Tout le chapitre XV du Lévitique ne roule que sur la gonorrhée, à laquelle les Hébreux étaient fort sujets. La gonorrhée et la lèpre n’étaient pas leurs moins désagréables impuretés, et ils en avaient assez de réelles, sans en créer tant d’imaginaires. Par exemple, une femme était plus impure pour avoir mis au monde une fille plutôt qu’un garçon[3]. Voilà une singularité aussi peu raisonnable que bizarre.

Les Hébreux forniquaient avec les démons sous la forme des chèvres[4] ; ces démons mal appris usaient là d’une vilaine métamorphose.

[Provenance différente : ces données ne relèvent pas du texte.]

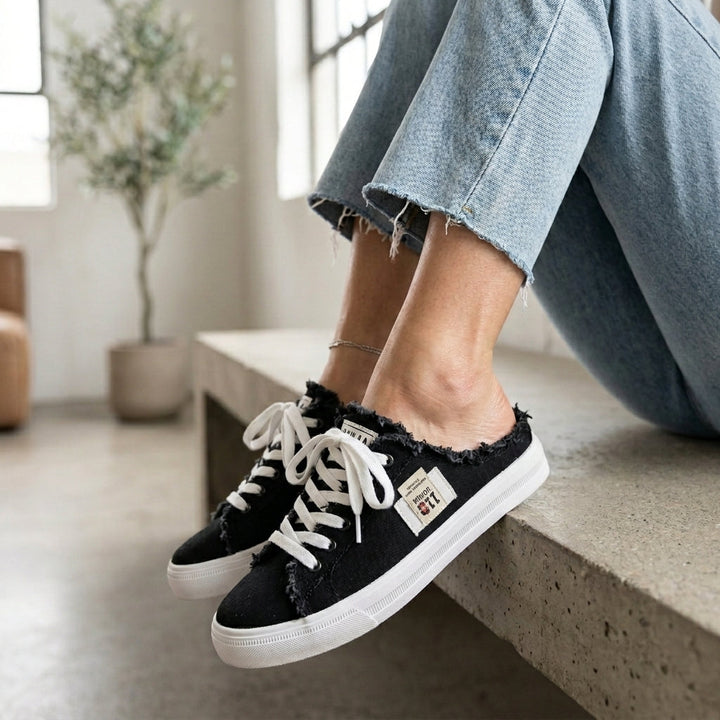 Emma & Rose Cape Town mule slippers featuring cowboy-inspired design with leather accents and cozy interior.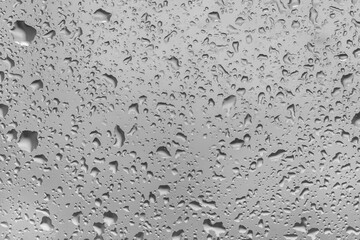 water drops on glass background texture. rain on the grey window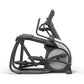 Matrix Performance Suspension Elliptical with black frame, gray flywheel, and curved handlebars on white background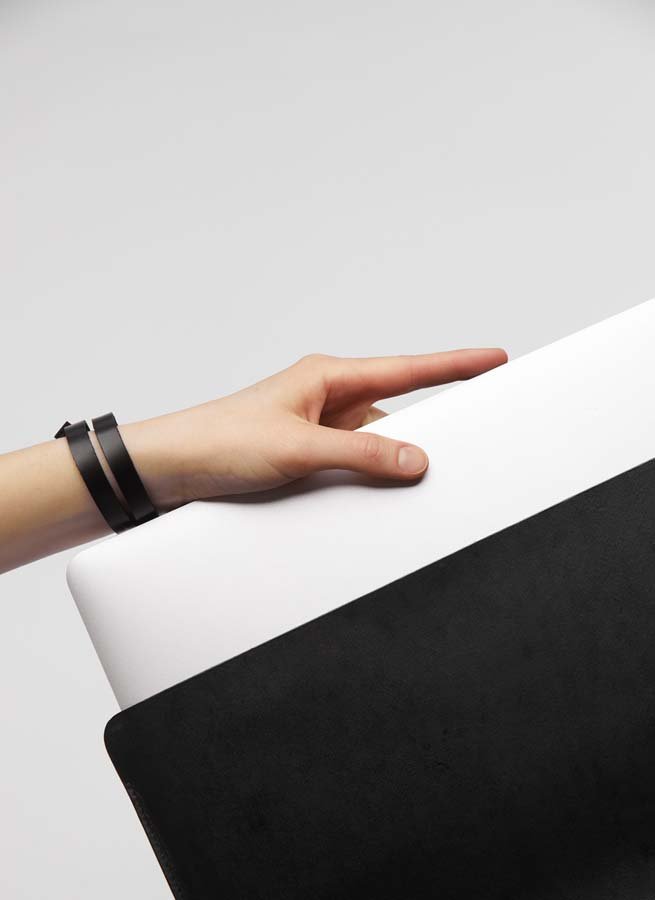 6. Hand inserting laptop into black leather sleeve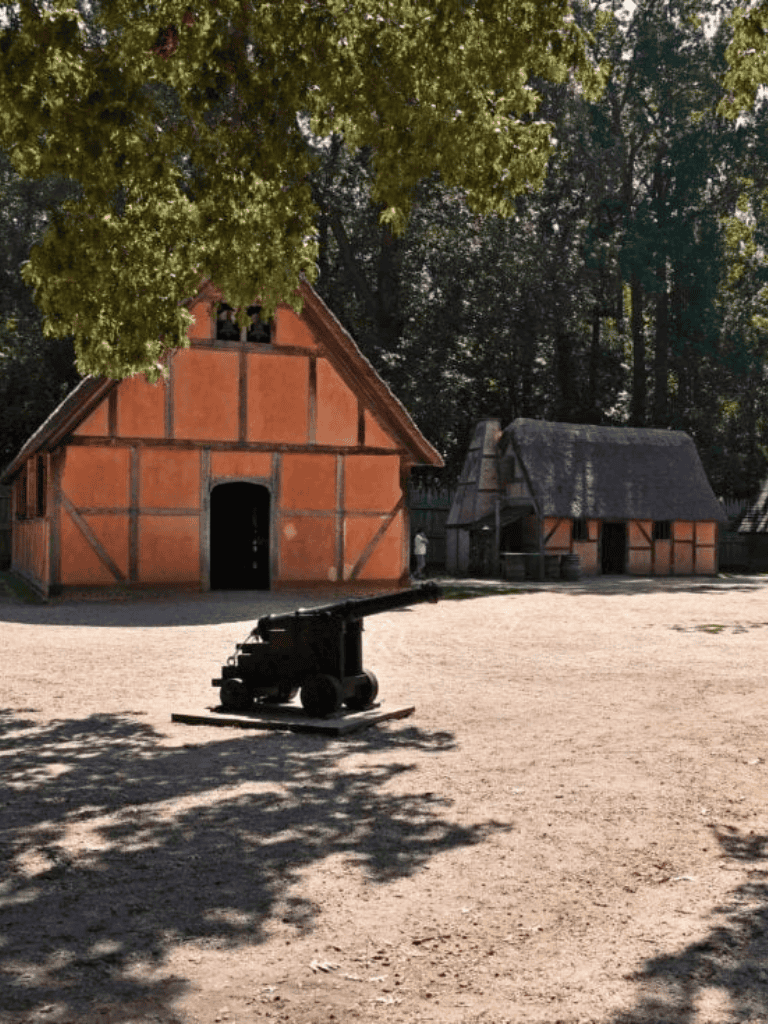 Ancient cannon outside historic German village replica with traditional timber-framed houses.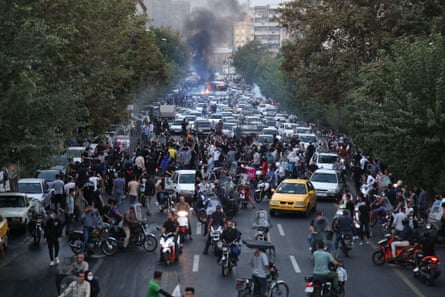 A wide street crowded with motorbikes and cars with a fire in the background 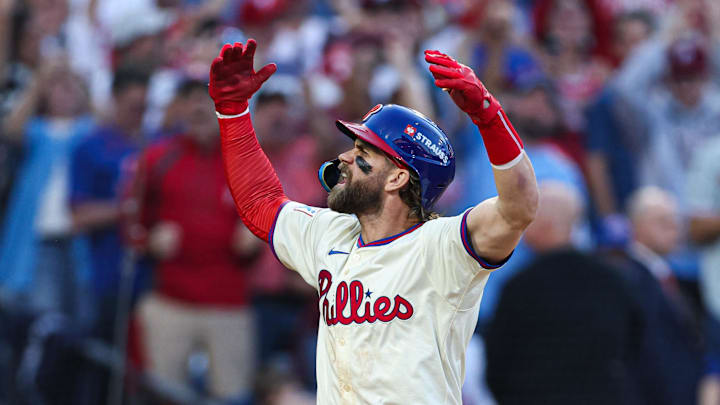 Philadelphia Phillies first baseman Harper reacts after hitting a home run against the New York Mets during game two of the NLDS for the 2024 MLB Playoffs at Citizens Bank Park. 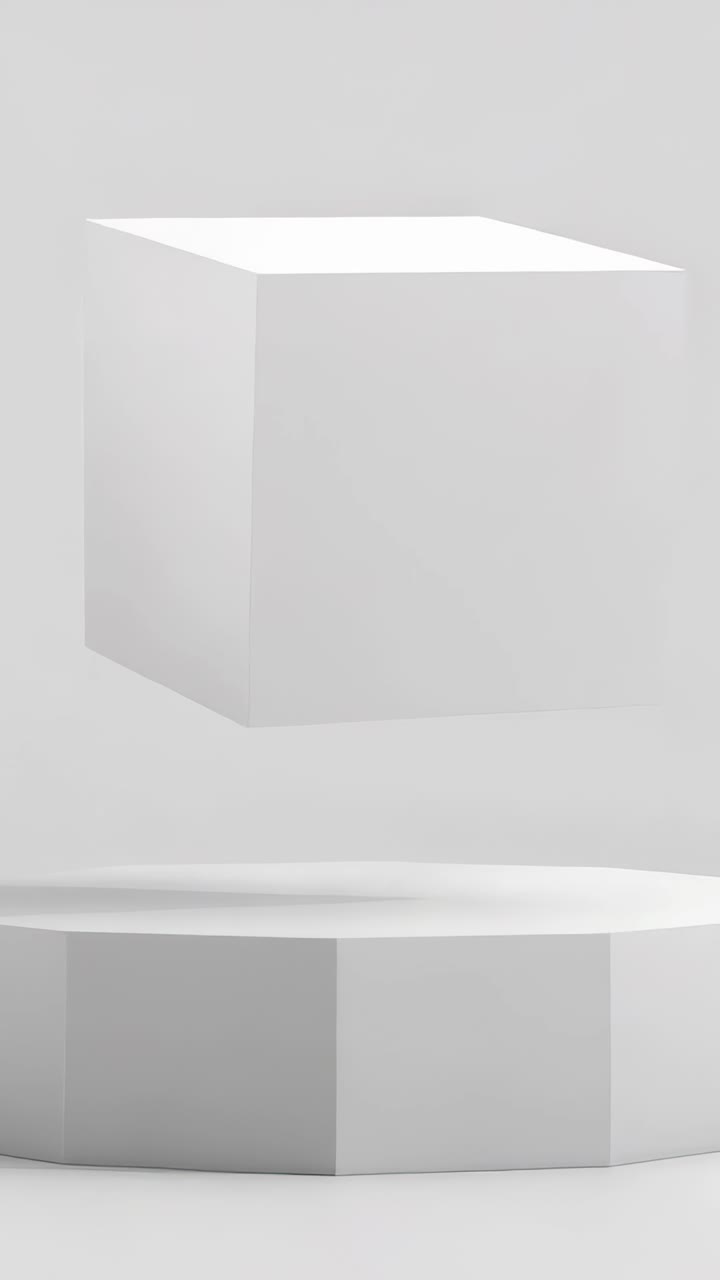 Vertical video: On play, white cube drifting and rotating above pedestal in studio, revealing faces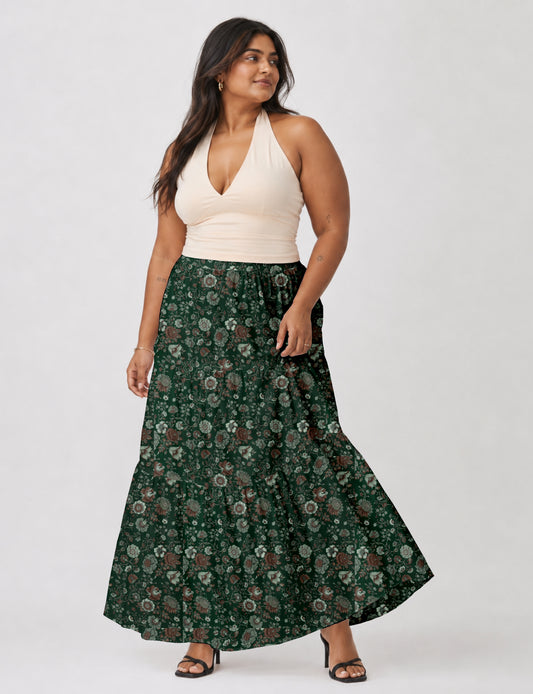 Midi tiered skirt with fitted waistband, soft knife pleats, flared silhouette, side seam pockets, and ankle-length hem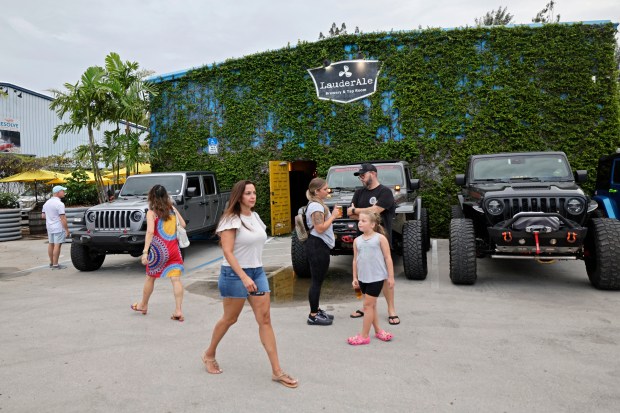 Patrons outside LauderAle Brewery, which marked its 10th anniversary in July 2024 in Fort Lauderdale. (John McCall/South Florida Sun Sentinel file)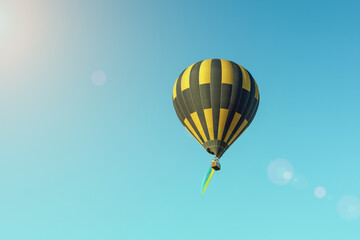 Multicolored hot air balloon with the flag of Ukraine on a blue sky background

Un fils couchait avec sa mère, et prêtait main-forte à son père[5]. Nous ne portons pas encore à ce degré l’amour filial. Un frère voyait sans scrupule sa sœur dans la plus grande intimité[6].

Un grand-père habitait avec sa petite-fille[7] ; ce qui n’était pas très-anacréontique.

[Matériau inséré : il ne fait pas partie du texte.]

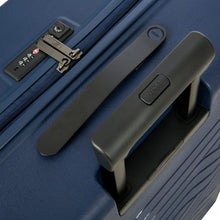 Load image into Gallery viewer, Close up to the top of the navy blue suitcase. The view shows the telescopic handle, grabbing handle, and a three digit combination lock. 

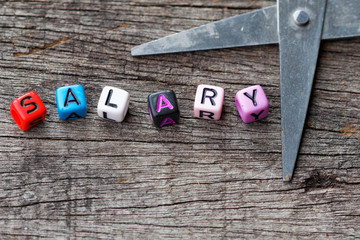 Word salary on colourful cubes and scissor with wooden background. Salary cut concept.
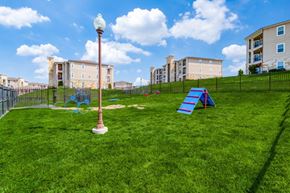 Denison apartment for rent - a playground on the grass with apartments in the background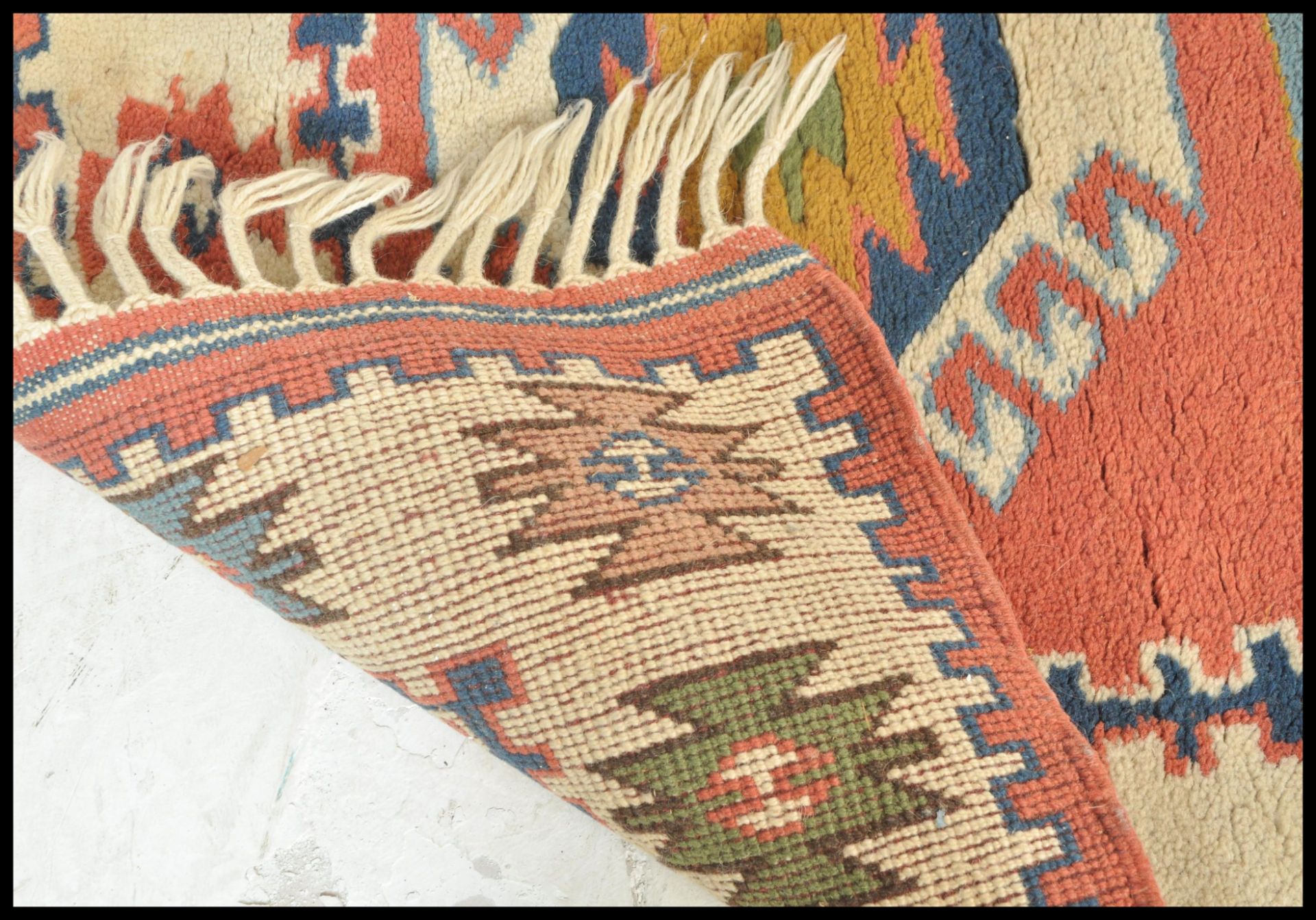 A 20th Century woven tribal carpet rug having a cream ground with a central red panel with three - Bild 4 aus 4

On couchait avec sa tante[8], avec sa bru[9], avec sa belle-sœur[10] : ce n’était là que peccadilles ; enfin on jouissait de sa propre fille[11].

Les hommes se polluaient devant la statue de Moloch[12], puis on trouva que cette semence inanimée n’était pas digne de la statue ; on finit par lui offrir en sacrifice l’enfant tout venu.

Les hommes se servaient de femmes entre eux[13], comme les pages du Régent.

Ils usaient de toutes les bêtes[14] ; et le beau sexe se faisait servir par les ânes, les mulets, etc.[15]. Ce qui était d’autant plus malhonnête, que l’on paraissait avoir formé la tribu des prêtres de manière à intéresser les femmes mal pourvues. On ne recevait point lévites les boiteux, les bossus, les chassieux, les lépreux ; ceux qui avaient le nez trop petit, tors, etc. ; il fallait un beau nez[16].

On voit par cet échantillon ce qu’étaient les mœurs du peuple de Dieu ; il est certain qu’on ne peut les comparer à nos manières. Mais il ne me paraît pas que, d’après cette esquisse d’un parallèle qu’on pourrait pousser beaucoup plus loin, il y ait tant à se récrier sur ce qui passe de nos jours.

Les esprits forts ne sont guères moins exagérateurs, en parlant de nos coutumes superstitieuses, que les prédicateurs en invectivant contre nos vices. Nous avons le triste avantage de n’avoir été surpassés par aucune nation dans les fureurs du fanatisme ; mais les délires de la superstition ont été portés plus loin dans d’autres religions.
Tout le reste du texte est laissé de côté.